Auch sozialarbeiterische Unterstützung ist Teil des Angebots: Hilfe bei Wohnraumfragen, Substitution, Bürgergeldanträgen und Versicherungsstatus werden durch eine Clearingstelle koordiniert. Ziel ist es, einen sicheren, diskriminierungsfreien Raum zu bieten – ein Ort, an dem Menschen mit oft komplexen Problemlagen Vertrauen fassen können.

Drogenkonsum als zentrale Herausforderung

Ein zentrales Thema bleibt die Versorgung von Drogenkonsument:innen. Zwar gibt es Konsumräume in der Birkenstraße und am Kottbusser Tor, doch der Bedarf wächst stetig – auch durch die veränderte Drogenlandschaft: Methamphetamin und Heroin nehmen zu, während Kokainimporte deutlich steigen. Viele Klient:innen leiden unter Verwahrlosung und gesundheitlichen Beeinträchtigungen, was ihren Zugang zur regulären Gesundheitsversorgung zusätzlich erschwert.
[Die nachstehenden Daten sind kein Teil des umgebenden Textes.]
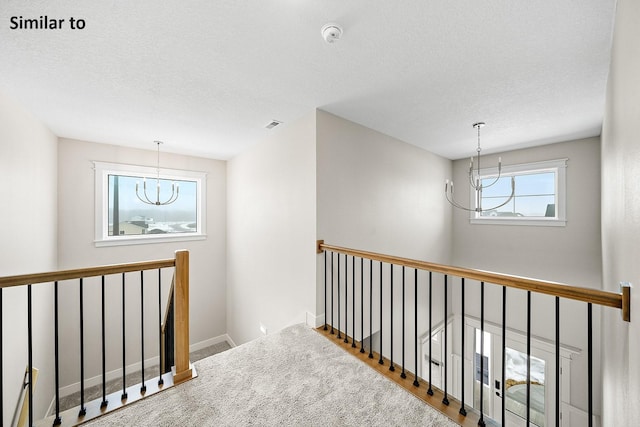2228 Green Leaf Cir, Norwalk, IA 50211 - hall featuring a chandelier, an upstairs landing, a textured ceiling, and baseboards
Der Drogennotdienst versucht, mit der Verteilung steriler Konsumutensilien, medizinischer Beratung und einem eigenen Substitutionsarzt gegenzusteuern.
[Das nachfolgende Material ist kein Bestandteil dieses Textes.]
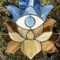 20201108-Blue Stained glass Hamsa hand suncatcher with brown and beige lotus flower hanging in front of a green Thuja tree.jpg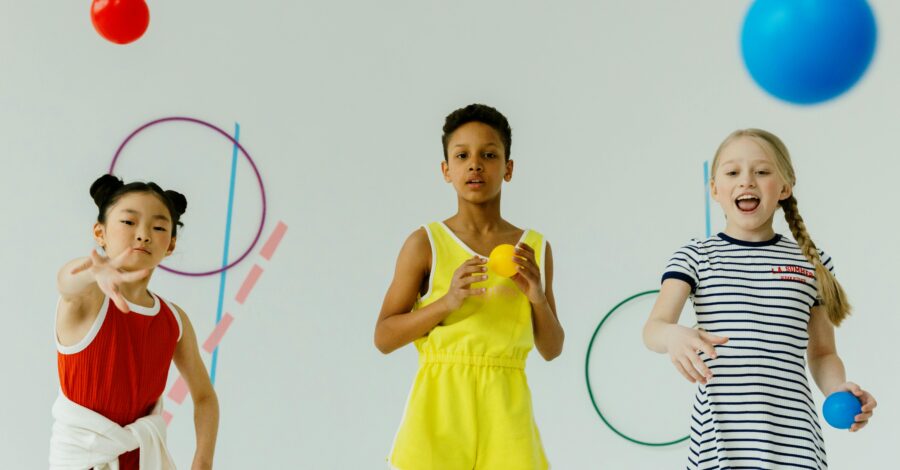 Three young people stand playing with brightly coloured balls and large rings.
Sprachbarrieren erschweren die Hilfe

Ein strukturelles Problem sind Sprachbarrieren: Etwa 50 % der Nutzer:innen sprechen kein Deutsch, 30 % können kaum kommunizieren. Das führt dazu, dass viele Betroffene aus dem Hilfesystem herausfallen. Zwar unterstützt bereits eine bulgarischsprachige Vermittlerin beim Träger Olga, dennoch bleibt der Bedarf an Dolmetscher:innen hoch. Selbst für deutschsprachige Menschen sei das komplizierte Hilfesystem kaum verständlich, betonten die Sozialarbeitenden.

Fehlender Wohnraum

Neben medizinischer und sozialer Unterstützung spielt auch die Wohnraumbeschaffung eine zentrale Rolle. Doch Wohnungen auf dem freien Markt sind kaum zu finden. Viele Betroffene leben dauerhaft in sehr prekären Verhältnissen. Die GENIUS Wohnbau eG, eine Genossenschaft im Rahmen des Paritätischen Wohlfahrtsverbands, soll langfristig helfen, doch der Prozess ist langwierig und stockend.
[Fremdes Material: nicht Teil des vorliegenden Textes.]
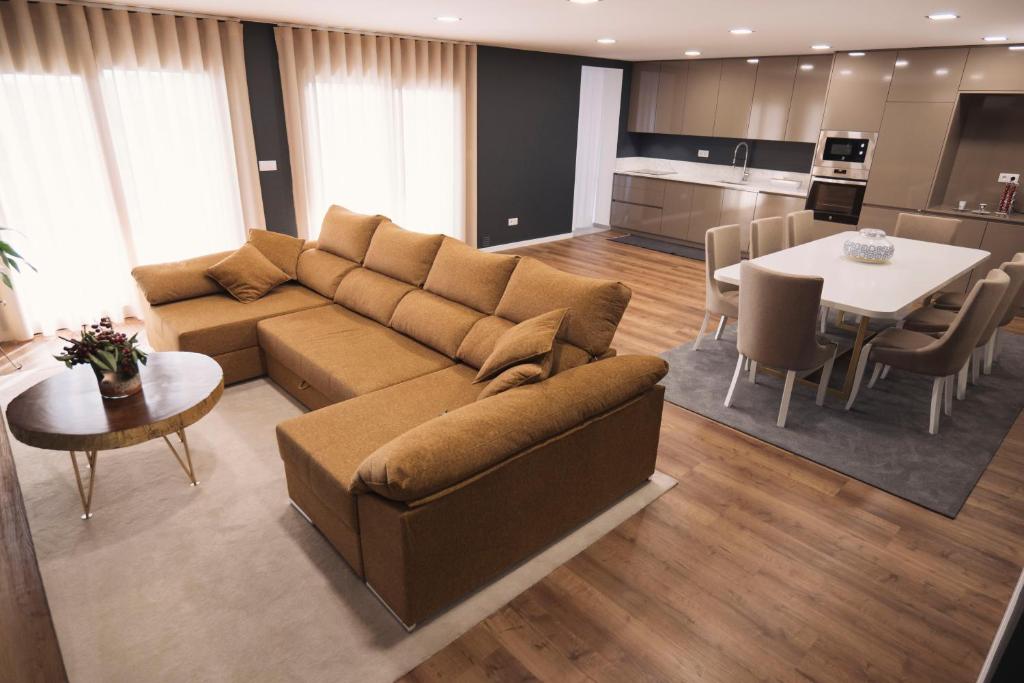 a living room with a couch and a table and a kitchen at Royal Galla Apartment in Macedo de Cavaleiros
Finanzielle Kürzungen bedrohen Hilfsangebote

Eine besondere Sorge bereitet die angekündigte Kürzung des Integrierten Gesundheitsprogramms (IGPP) um bis zu 30 % bis 2026. Die Folgen könnten gravierend sein: Ein erheblicher Teil der unterstützten Menschen würde komplett aus dem Hilfesystem fallen. Diese Einsparungen stehen in krassem Widerspruch zur Realität in Berlin, wo die Bevölkerungszahl steigt, ebenso wie die Zahl der Hilfesuchenden.

Bezirksweite Kooperationen stärken die Suchthilfe

Im dritten Tagesordnungspunkt stellte Nora Bruckmann, Suchthilfekoordinatorin der QPK (Qualitätsentwicklungs-, Planungs- und Koordinierungsstelle), die verschiedenen Netzwerke vor, die im Bezirk Tempelhof-Schöneberg aktiv sind: Dazu gehören u. a. die Fachgruppe „Sucht“ der PSAG, das Netzwerk NUDRA und der Runde Tisch Drogen. Viermal jährlich kommen dort Expert:innen zusammen, um Maßnahmen zu koordinieren. Auch stadtweite Kooperationen mit der Landesdrogenbeauftragten sind Teil der Arbeit. Themen wie Spritzenentsorgung, öffentliche Anlaufstellen und die Weitergabe drogenbezogener Vorfälle an das Ordnungsamt wurden ebenfalls angesprochen.

Forderungen der Linken

Was die der Besuch am Nollendorfplatz deutlich gemacht hat, ist vor allem eines: Die soziale Infrastruktur dieser Stadt steht unter massivem Druck, wird aber gleichzeitig dringendst gebraucht. Einrichtungen wie das Bülow-Eck leisten tagtäglich unverzichtbare Arbeit für die am stärksten marginalisierten Menschen: Wohnungslose, Drogengebraucher:innen, Menschen in der Sexarbeit, Nichtversicherte, Geflüchtete und damit für die ganze Stadt.

Dass diese Angebote überlaufen sind, dass Sprachbarrieren Hilfe schwer machen, und dass gleichzeitig massive Kürzungen, wie die geplante Reduzierung des Integrierten Gesundheitsprogramms um 30 %, drohen, ist politisch verantwortungslos. Eine solidarische Stadt darf nicht sparen auf Kosten derer, die am wenigsten haben. Wir als Linke fordern stattdessen den konsequenten Ausbau niedrigschwelliger Hilfsangebote, mehr finanzielle Sicherheit für freie Träger und einen garantierten Zugang zu medizinischer und sozialer Versorgung. Es braucht mehr soziale Arbeit, Zugang zu ärztlicher Versorgung, mehr Dolmetscher:innen, bezahlbaren Wohnraum und insbesondere eine Politik, die soziale Gerechtigkeit über Haushaltskonsolidierung stellt.